DESCRIPTION OF THE TASK.
The full text of the records below, minus any pictures, should be given back word for word.

DATA EXCERPTS.

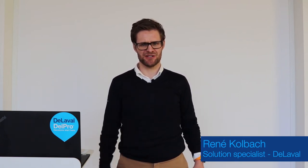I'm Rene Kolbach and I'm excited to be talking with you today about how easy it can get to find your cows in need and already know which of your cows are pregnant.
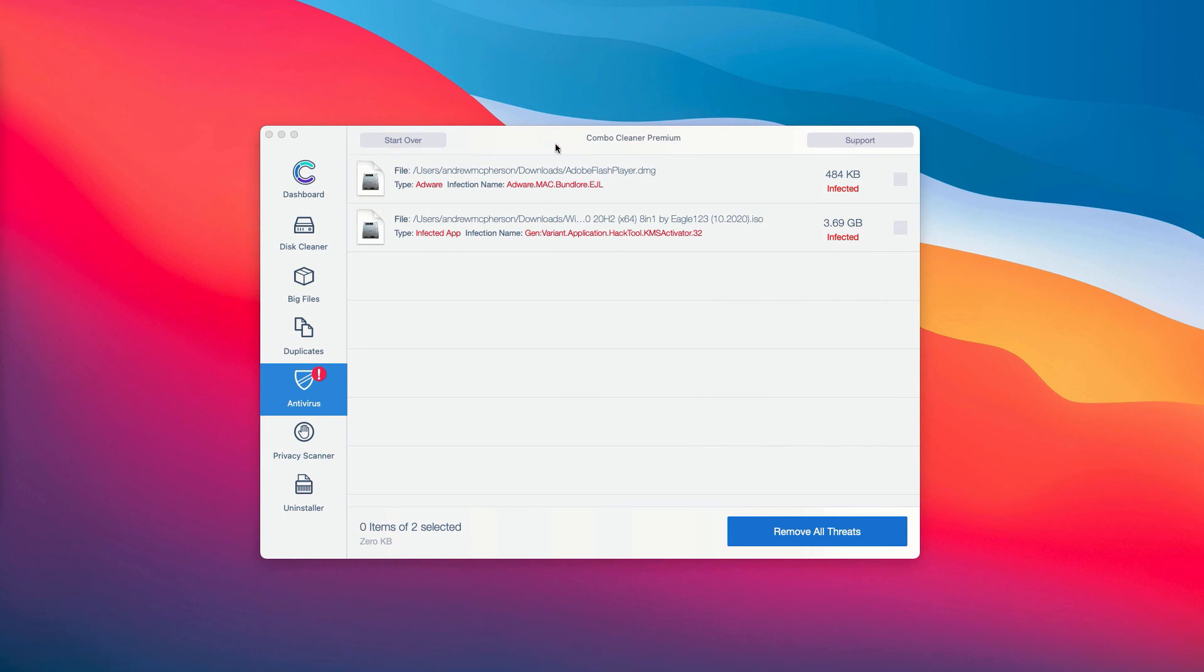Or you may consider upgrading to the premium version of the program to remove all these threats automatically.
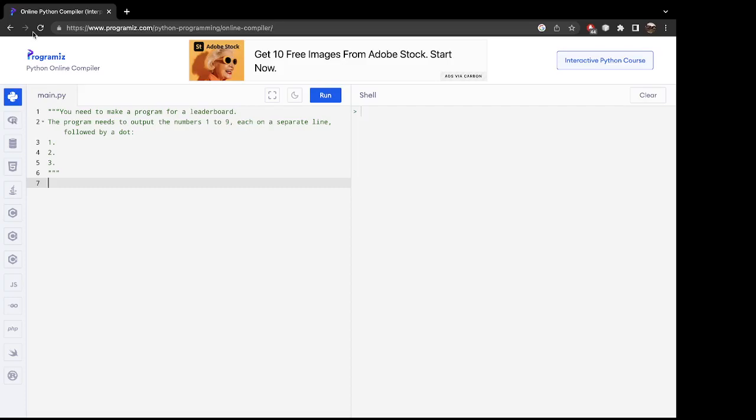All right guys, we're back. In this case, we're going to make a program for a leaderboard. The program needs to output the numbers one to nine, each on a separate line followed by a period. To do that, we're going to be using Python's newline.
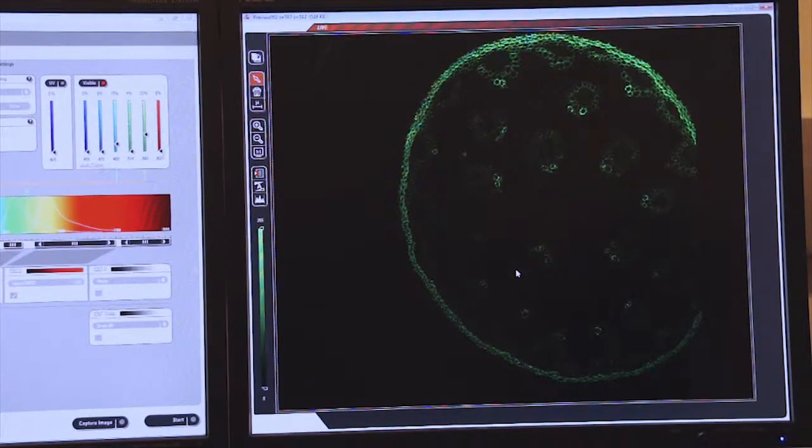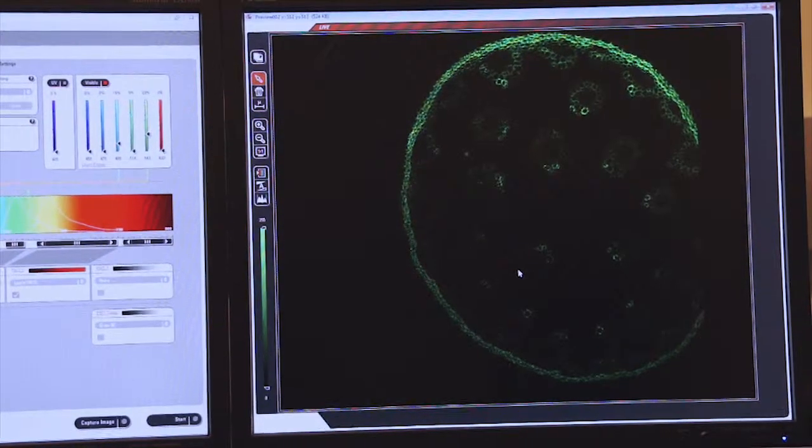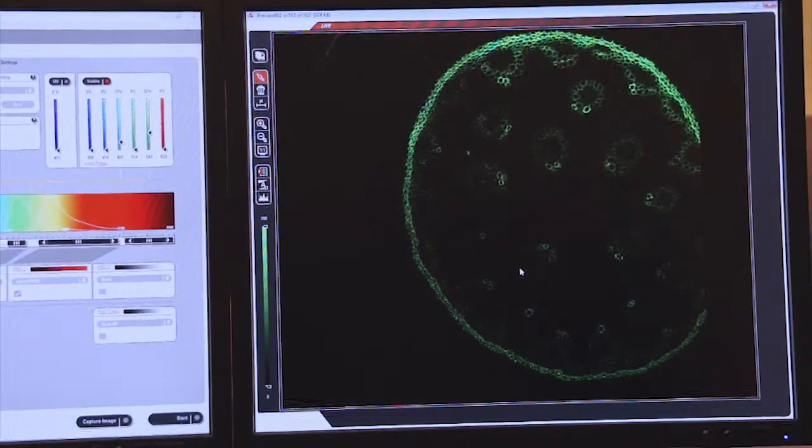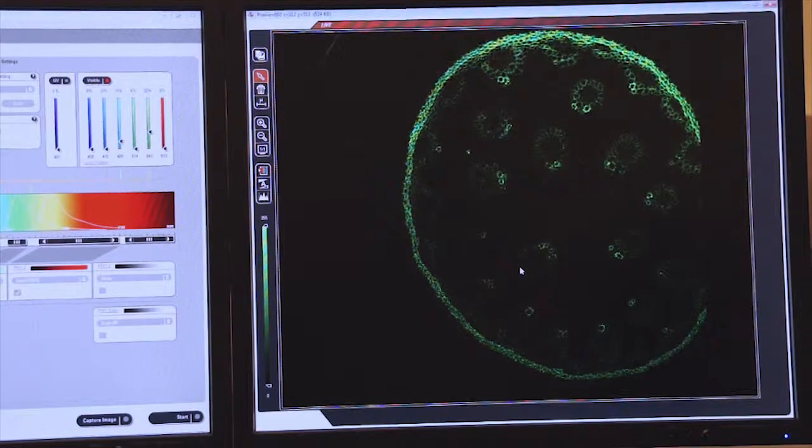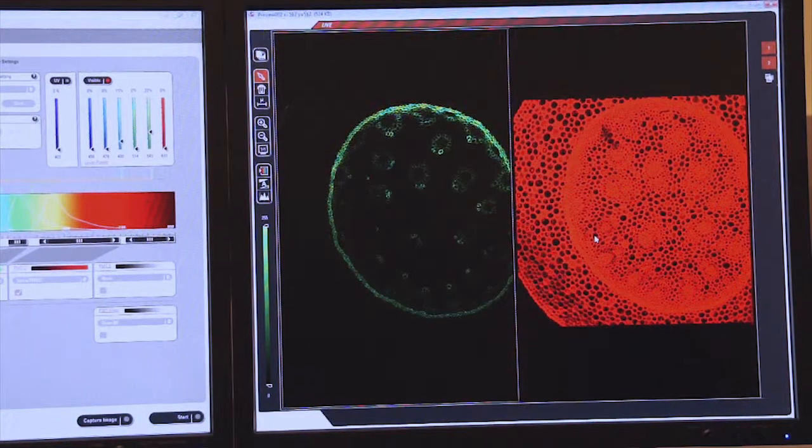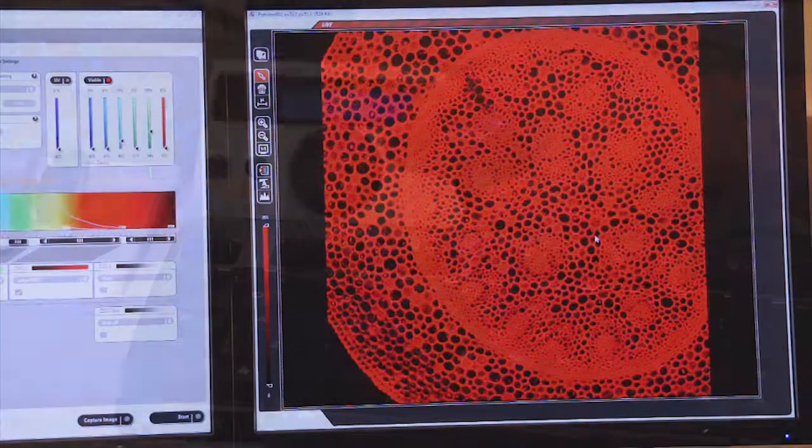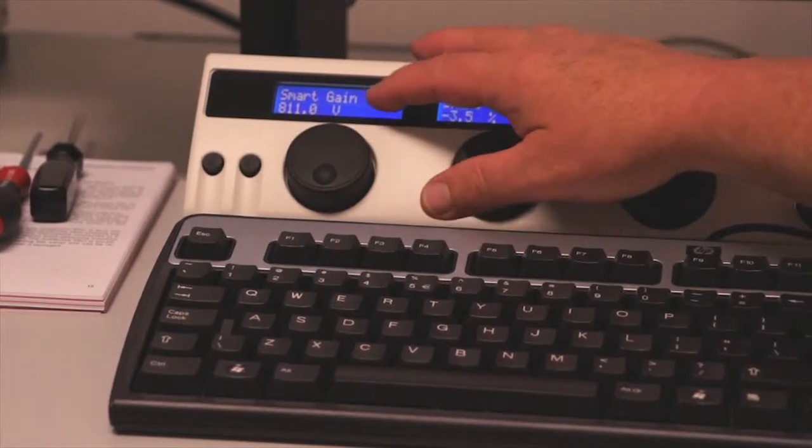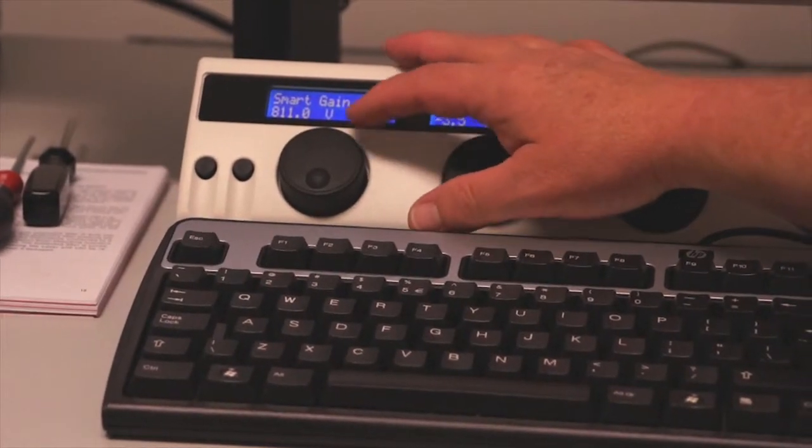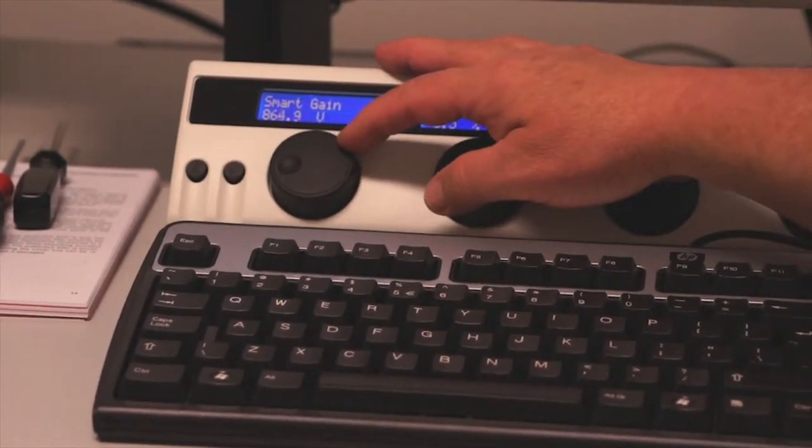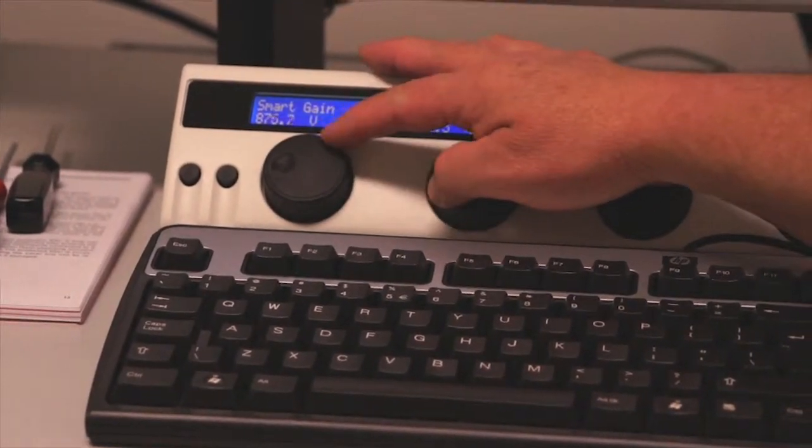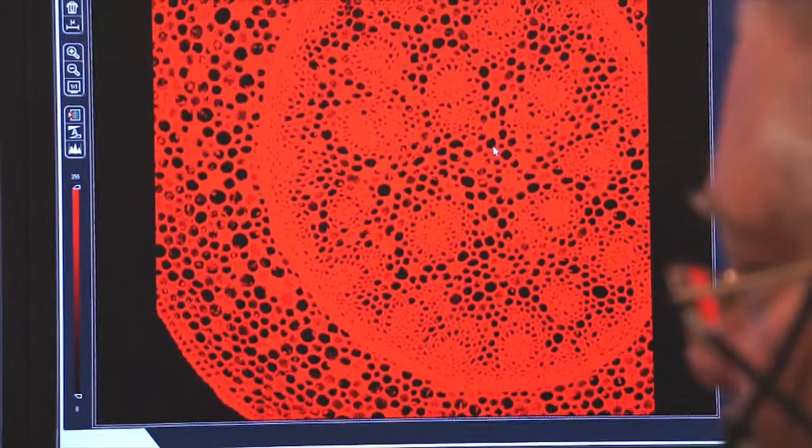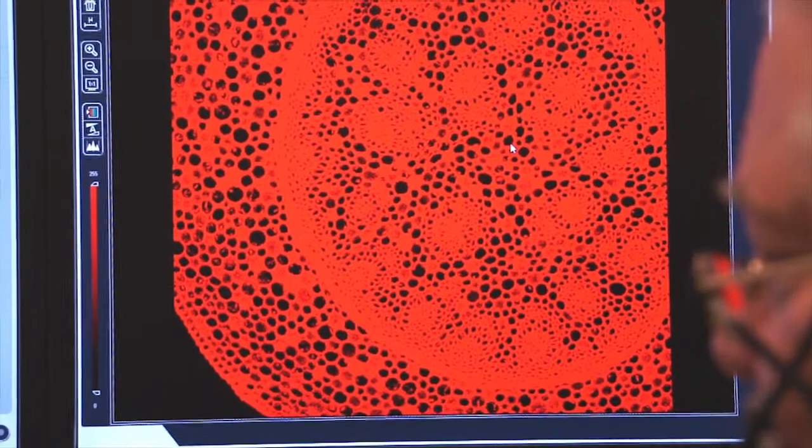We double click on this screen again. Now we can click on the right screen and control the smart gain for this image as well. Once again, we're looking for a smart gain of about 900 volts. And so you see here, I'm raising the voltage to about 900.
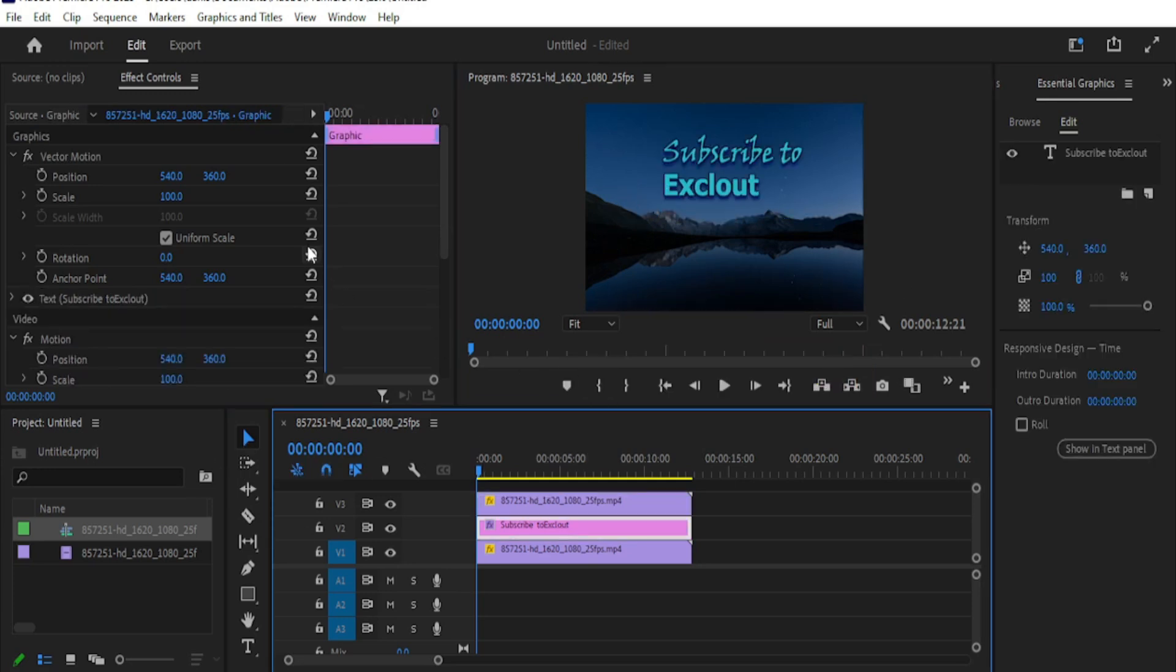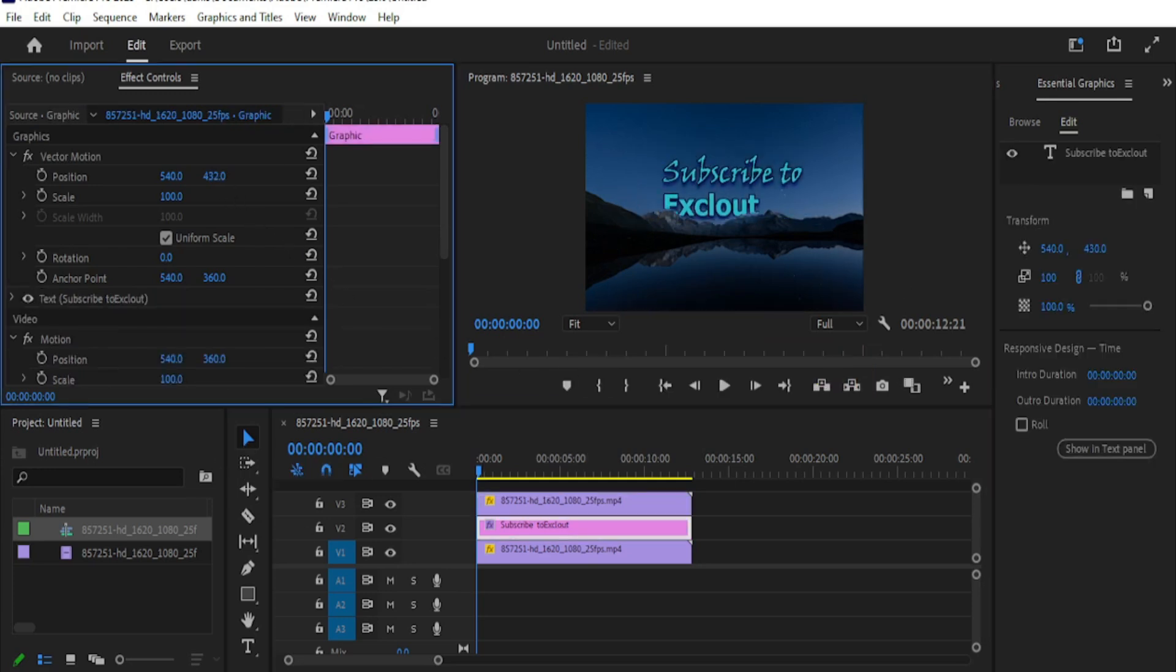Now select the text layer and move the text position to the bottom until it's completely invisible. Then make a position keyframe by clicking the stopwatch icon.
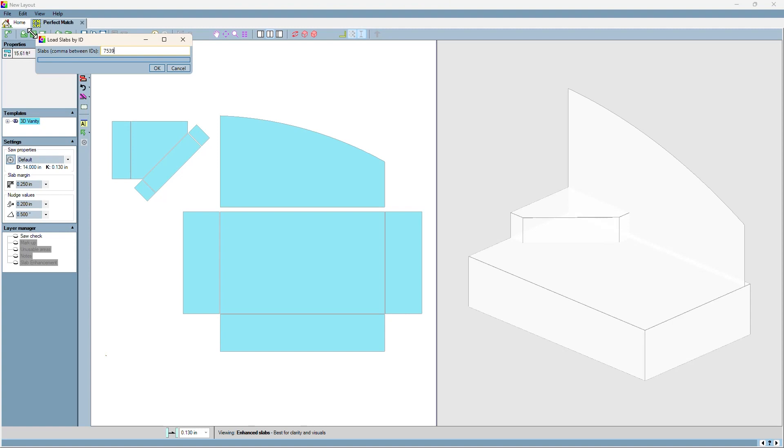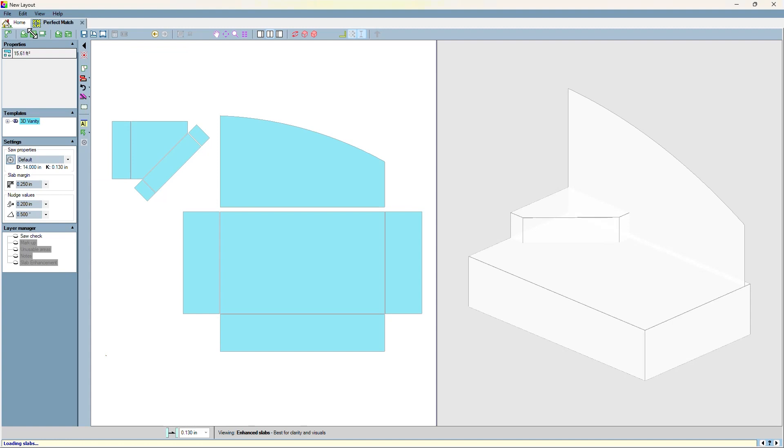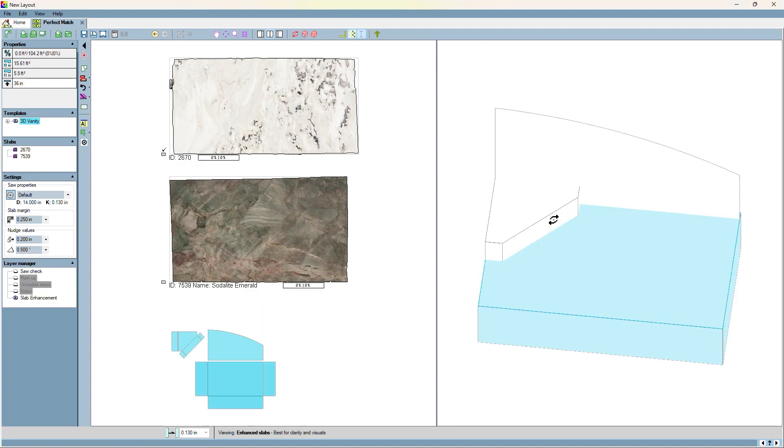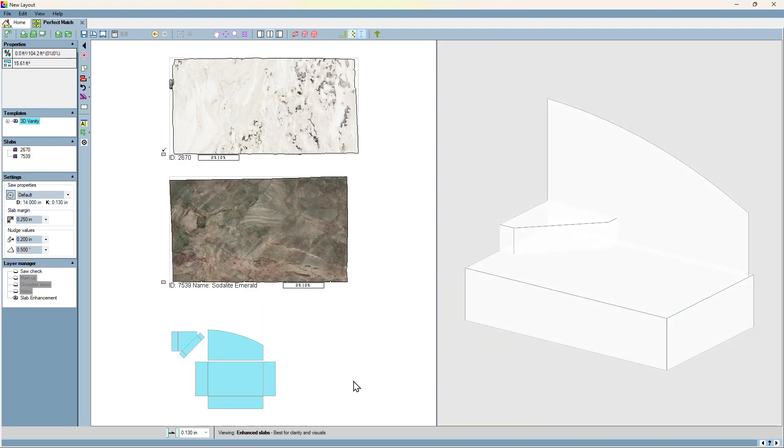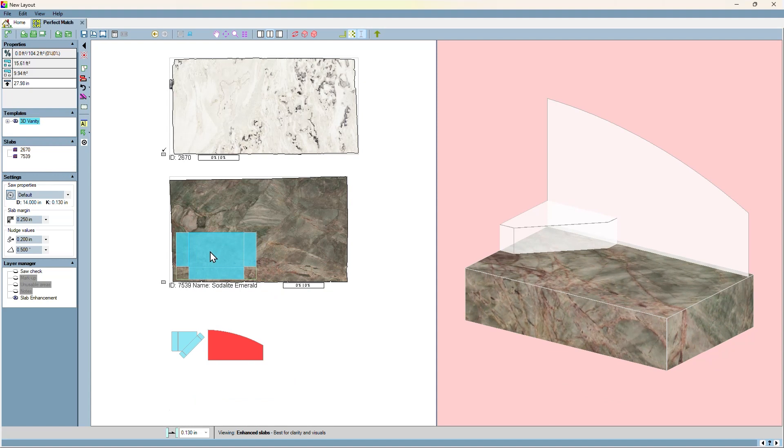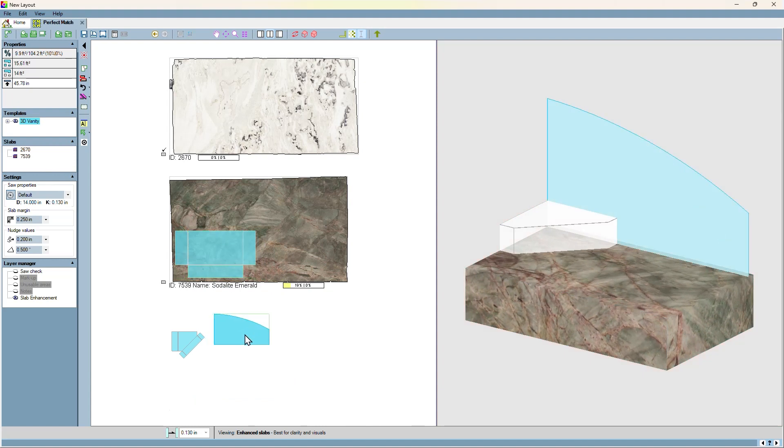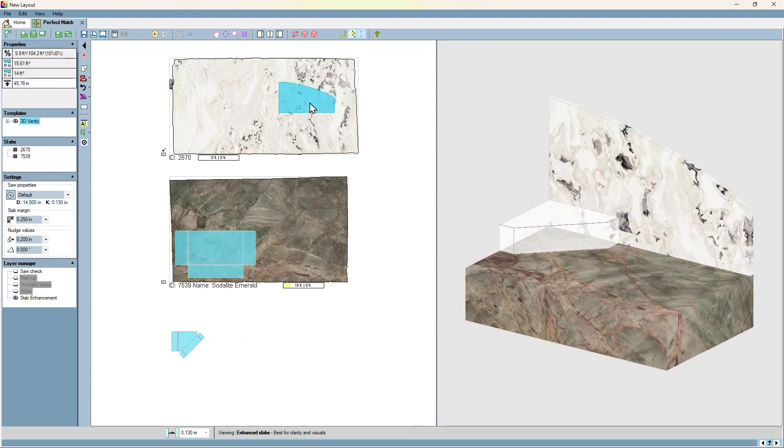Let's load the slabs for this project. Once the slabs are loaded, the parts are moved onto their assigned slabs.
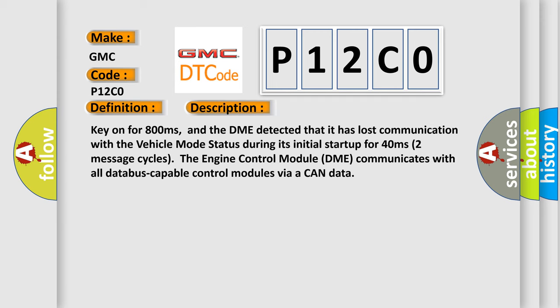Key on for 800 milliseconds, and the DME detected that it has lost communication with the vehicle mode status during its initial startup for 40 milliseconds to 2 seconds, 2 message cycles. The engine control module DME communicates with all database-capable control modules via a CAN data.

FINAL ANSWER.
I'm Rene Kolbach and I'm excited to be talking with you today about how easy it can get to find your cows in need and already know which of your cows are pregnant.
Or you may consider upgrading to the premium version of the program to remove all these threats automatically.
All right guys, we're back. In this case, we're going to make a program for a leaderboard. The program needs to output the numbers one to nine, each on a separate line followed by a period. To do that, we're going to be using Python's newline.
We double click on this screen again. Now we can click on the right screen and control the smart gain for this image as well. Once again, we're looking for a smart gain of about 900 volts. And so you see here, I'm raising the voltage to about 900.
Now select the text layer and move the text position to the bottom until it's completely invisible. Then make a position keyframe by clicking the stopwatch icon.
Let's load the slabs for this project. Once the slabs are loaded, the parts are moved onto their assigned slabs.
Key on for 800 milliseconds, and the DME detected that it has lost communication with the vehicle mode status during its initial startup for 40 milliseconds to 2 seconds, 2 message cycles. The engine control module DME communicates with all database-capable control modules via a CAN data.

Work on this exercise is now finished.